Friday, February 26, 1993

Christian Brothers Athy

The recent announcement that the Christian Brothers were to appoint a lay Principal for their Secondary School in Athy brings to a close an era stretching back 132 years. It was on Thursday the 8th of August 1861 that the Christian Brothers first arrived in Athy. Brother Stanislaus O'Flanagan, the first Principal, was accompanied by Brother Luke Holland and a lay Brother - Brother Patrick Sheehy.

They were accommodated in Greenhills House, St. John's Lane, the former residence of the Weldon family and from 1820 to 1850 that of the Misses Hellen, daughters of Lord Justice Hellen. After 1850 Greenhills House was owned by John Beard through his wife Hannah, daughter of George Mansergh of Riversdale House. Greenhills was later acquired by the Parish Priest, Rev. A Quinn, whether by gift or purchase it is not known. The Annals of the Convent of Mercy disclose that in 1859 the Parish Priest not being able to pay the rent gave the house and ten and a half acres to the Sisters of Mercy. The Sisters later donated the house and some of the lands for the use of the Christian Brothers. The first one storey school building was built on a site adjoining Greenhills House. Patrick Maher of Kilrush, who was a generous benefactor of the local Sisters of Mercy, donated £400 towards the building costs which amounted to £1,000.00.
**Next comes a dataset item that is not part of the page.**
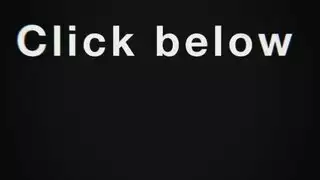 شقراء خائنة تأخذ ديلدو صديقتها عميقاً في مؤخرتها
On Sunday August 11th Archbishop Cullen, a native of Ballitore who had taken a special interest in bringing the Christian Brothers to Athy, preached in the Parish Church and introduced the newly arrived Christian Brothers to the townspeople. The next morning he said Mass in Greenhills House and blessed the new classrooms.
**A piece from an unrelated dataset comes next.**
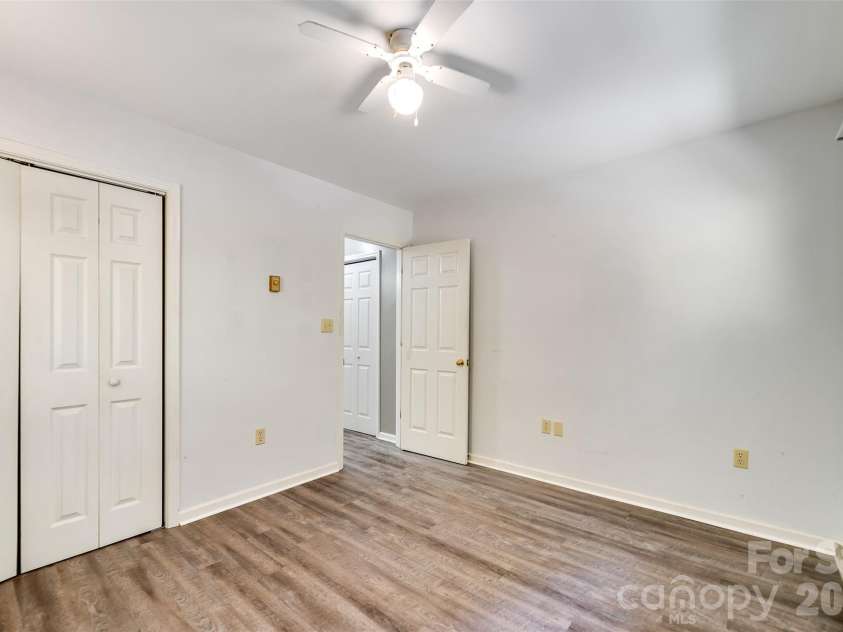365 Duckback Trail, Whittier, NC 28789.  MLS# CAR4358257, YatesRealty ID 4604.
On August 19th the School opened it's doors for the first time and 120 boys were enroled. As the numbers increased a third teaching brother was required. Brother Francis Clarke joined the community with the ever generous Patrick Maher of Kilrush agreeing to pay £30 annually towards his maintenance. In the early years of the School's existence the salaries of the other Brothers were met from Parish funds. For this purpose two annual collections were taken up in the Parish Church.

In 1867 the Parish Priest pleaded inability to further guarantee the financial support of the Christian Brothers. Following a public meeting in the town the Christian Brothers took upon themselves the task of collecting funds for their own maintenance and support. In this they were supported by the local people and a number of general gifts and bequests were made to them by Michael Lawlor, Miss Goold, J. Delaney, Miss Ferris and others.

A second storey was added to the school building in 1901. The extra space was required for teaching experimental science and other subjects under the aegis of the new Department of Agricultural and Technical Instructions. On the townspeoples security £300 was borrowed from a local Bank and the work was completed at a cost of almost £900 in October 1901. For seven weeks after the summer holidays of that year the Christian Brothers held classes in the Old Schoolhouse in Stanhope Place which had been vacated by the Sisters of Mercy in 1893.

The full story of the Christian Brothers in Athy and their labour in the cause of Christian education will be told another day. Some years ago while browsing in an Antiquarian Bookshop in Dublin I came across a leather bound volume with the words "Deceased Brothers" on the cover. The inside cover was marked in ink as volume 2 and a perusal of it's contents showed it to be a necrology of the Christian Brothers.

By a strange coincidence the first entry recorded the death of Brother Luke Holland on the 8th of January 1900 in Marino. He it was who had travelled to Athy in August 1861 with his two companions to open the first Christian Brothers Monastery and School. The same volume also recorded the deaths of his companions - Brother Patrick Sheehy on the 2nd March 1902 and Brother Stanislaus O'Flanagan on the 5th March 1906. How strange to find that the three young religious Brothers who had been brought together in August 1861 to travel to Athy were to have their names reunited in print 45 years later with the death of the first Superior of Athy Christian Brothers School Brother Stanislaus O'Flanagan.